The best approach to the aseptic manufacture of health care products is a strong proactive one focused on contamination control and prevention rather than on measurement. Once the limitations of measurement-based strategies are acknowledged, the importance of proper design and operation of the aseptic environment and the process becomes clear. It can be stated accurately that the most important element in aseptic product safety is a process and environmental design that eliminates the potential for hazards. Fortunately, a great deal is known about the factors that introduce hazards into an aseptic process. It has been widely acknowledged since at least the late 1970s that the major causes of microbiological contamination in an aseptic processing clean room are the human beings working in those areas. In fact, human operators represent nearly all the contamination risk in aseptic manufacturing and are the only potential vector for pathogenic organisms in a clean room. Therefore, an obvious and generally quite successful approach to contamination control in the clean room is simply the elimination of personnel.15 Fortuitously, advanced automated equipment has provided the health care industry with an outstanding means of contamination control.16

It is also well accepted that contamination hazards are reduced by reducing the length of time sterile objects are exposed to the environment during aseptic manufacture.4,17 Therefore, equipment that can operate at high throughput smoothly and without human intervention is far safer than equipment that requires numerous interventions (or is manual) and operates at a low speed. For these reasons, equipment selection is an important factor in reducing hazards, which relate entirely to controlling contamination. High-speed, reliable, automated equipment that requires little human intervention for assembly, running adjustments, in-process maintenance, component charging, or quality-control sampling is far safer than equipment that is less able to run without operator intervention.18 Thus, equipment selection is an important factor in controlling contamination.
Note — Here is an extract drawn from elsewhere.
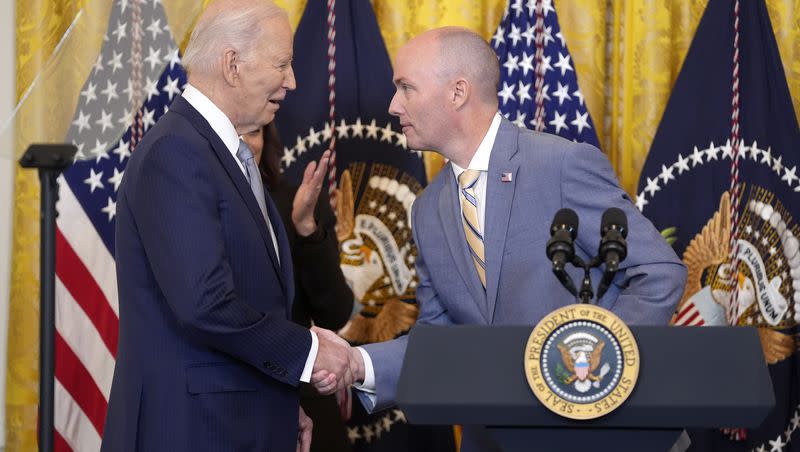 Utah Gov. Spencer Cox, right, greets President Joe Biden before he speaks to the National Governors Association during an event in the East Room of the White House on Friday, Feb. 23, 2024, in Washington.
Another vital factor in reducing hazards associated with microbial contamination in aseptic manufacturing environments is the separation of hazards from the critical zone19 of the process that area within the aseptic environment where product, containers, and closures are brought together and assembled aseptically. It follows, given that operators are the most significant risk factor, anything that can be done to separate the operators from the critical zone will be an important control measure. In the 1970s, this separation typically was achieved primarily by the placement of flexible polyvinyl chloride (PVC) sheets. These sheets or curtains were an easily defeated barrier but nevertheless provided at least a psychological reinforcement of need for operators to keep their distance from the critical zone. A barrier in this case refers to any device that limits opportunity for human-derived or production-associated contamination to affect the quality of a product. Unfortunately, most process equipment available during that era required consistent and, in some cases, extensive human intervention. By the 1980s, equipment speed and reliability had increased to the point that less permeable fixed barriers could be used. Equipment manufacturers began to offer equipment that was enclosed in typically clear, solid polycarbonate panels. Equipment with these enclosures is still widely used in human scale clean rooms. Although these solid enclosures are less permeable than PVC sheets, the panels typically are mounted on hinges, which allows operator access for adjustment, maintenance, or sampling. As sophistication and automation of the equipment increased, light barriers or interlocks were added to stop moving parts when the panels were opened. In the mid-1980s, isolation technology was first used in the health care industry.20 Isolators can be defined as self-contained clean facilities and offer optimal control of human contamination because human operators work outside the clean zone. Isolators had been widely used in other industries since the 1960s, but they were used more for the containment of poisonous or otherwise hazardous materials than for the control of microbial contamination. Scientists and engineers recognized that a technology that was well suited to keeping contamination in, if properly employed, could be equally good at keeping microbial contamination out.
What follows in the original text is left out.